Records to use:
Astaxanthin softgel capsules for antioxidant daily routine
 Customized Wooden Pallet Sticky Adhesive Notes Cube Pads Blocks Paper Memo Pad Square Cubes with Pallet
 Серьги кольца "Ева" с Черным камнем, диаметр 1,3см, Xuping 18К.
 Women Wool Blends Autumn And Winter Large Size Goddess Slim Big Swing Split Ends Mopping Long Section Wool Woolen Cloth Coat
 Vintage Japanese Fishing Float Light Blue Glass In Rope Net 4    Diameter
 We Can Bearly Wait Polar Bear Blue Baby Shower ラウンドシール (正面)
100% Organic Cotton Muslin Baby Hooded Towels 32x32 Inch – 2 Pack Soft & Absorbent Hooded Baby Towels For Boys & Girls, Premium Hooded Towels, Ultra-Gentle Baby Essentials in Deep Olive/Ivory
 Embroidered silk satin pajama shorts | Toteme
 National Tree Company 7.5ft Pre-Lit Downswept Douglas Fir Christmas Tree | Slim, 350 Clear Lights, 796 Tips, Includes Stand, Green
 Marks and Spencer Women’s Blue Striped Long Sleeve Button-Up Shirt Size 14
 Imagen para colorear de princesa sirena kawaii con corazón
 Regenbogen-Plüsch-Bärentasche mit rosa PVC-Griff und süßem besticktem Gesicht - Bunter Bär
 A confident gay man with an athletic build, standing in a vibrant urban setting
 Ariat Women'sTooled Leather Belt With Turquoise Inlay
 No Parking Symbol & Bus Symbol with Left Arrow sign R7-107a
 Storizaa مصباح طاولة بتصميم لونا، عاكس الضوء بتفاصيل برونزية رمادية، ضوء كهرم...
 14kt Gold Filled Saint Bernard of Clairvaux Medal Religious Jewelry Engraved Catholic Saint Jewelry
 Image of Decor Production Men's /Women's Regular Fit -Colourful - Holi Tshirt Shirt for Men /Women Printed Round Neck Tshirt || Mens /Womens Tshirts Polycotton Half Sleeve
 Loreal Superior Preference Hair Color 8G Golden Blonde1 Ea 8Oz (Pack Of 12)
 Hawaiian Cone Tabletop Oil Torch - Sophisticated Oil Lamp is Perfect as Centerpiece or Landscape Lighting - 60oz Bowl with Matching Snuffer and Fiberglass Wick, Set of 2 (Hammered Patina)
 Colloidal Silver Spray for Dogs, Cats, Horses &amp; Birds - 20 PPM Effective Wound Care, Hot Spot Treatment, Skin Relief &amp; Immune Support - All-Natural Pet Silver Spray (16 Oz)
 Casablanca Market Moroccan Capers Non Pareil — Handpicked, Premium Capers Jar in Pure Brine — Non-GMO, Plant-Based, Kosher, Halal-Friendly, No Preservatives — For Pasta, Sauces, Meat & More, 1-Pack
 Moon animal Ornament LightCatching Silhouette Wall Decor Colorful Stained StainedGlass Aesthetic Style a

Required action: Starting at the line with "A confident gay" and ending at the line with "Casablanca Market Moroccan", print each line of the listing above exactly, with no other lines.

Written solution:
 A confident gay man with an athletic build, standing in a vibrant urban setting
 Ariat Women'sTooled Leather Belt With Turquoise Inlay
 No Parking Symbol & Bus Symbol with Left Arrow sign R7-107a
 Storizaa مصباح طاولة بتصميم لونا، عاكس الضوء بتفاصيل برونزية رمادية، ضوء كهرم...
 14kt Gold Filled Saint Bernard of Clairvaux Medal Religious Jewelry Engraved Catholic Saint Jewelry
 Image of Decor Production Men's /Women's Regular Fit -Colourful - Holi Tshirt Shirt for Men /Women Printed Round Neck Tshirt || Mens /Womens Tshirts Polycotton Half Sleeve
 Loreal Superior Preference Hair Color 8G Golden Blonde1 Ea 8Oz (Pack Of 12)
 Hawaiian Cone Tabletop Oil Torch - Sophisticated Oil Lamp is Perfect as Centerpiece or Landscape Lighting - 60oz Bowl with Matching Snuffer and Fiberglass Wick, Set of 2 (Hammered Patina)
 Colloidal Silver Spray for Dogs, Cats, Horses &amp; Birds - 20 PPM Effective Wound Care, Hot Spot Treatment, Skin Relief &amp; Immune Support - All-Natural Pet Silver Spray (16 Oz)
 Casablanca Market Moroccan Capers Non Pareil — Handpicked, Premium Capers Jar in Pure Brine — Non-GMO, Plant-Based, Kosher, Halal-Friendly, No Preservatives — For Pasta, Sauces, Meat & More, 1-Pack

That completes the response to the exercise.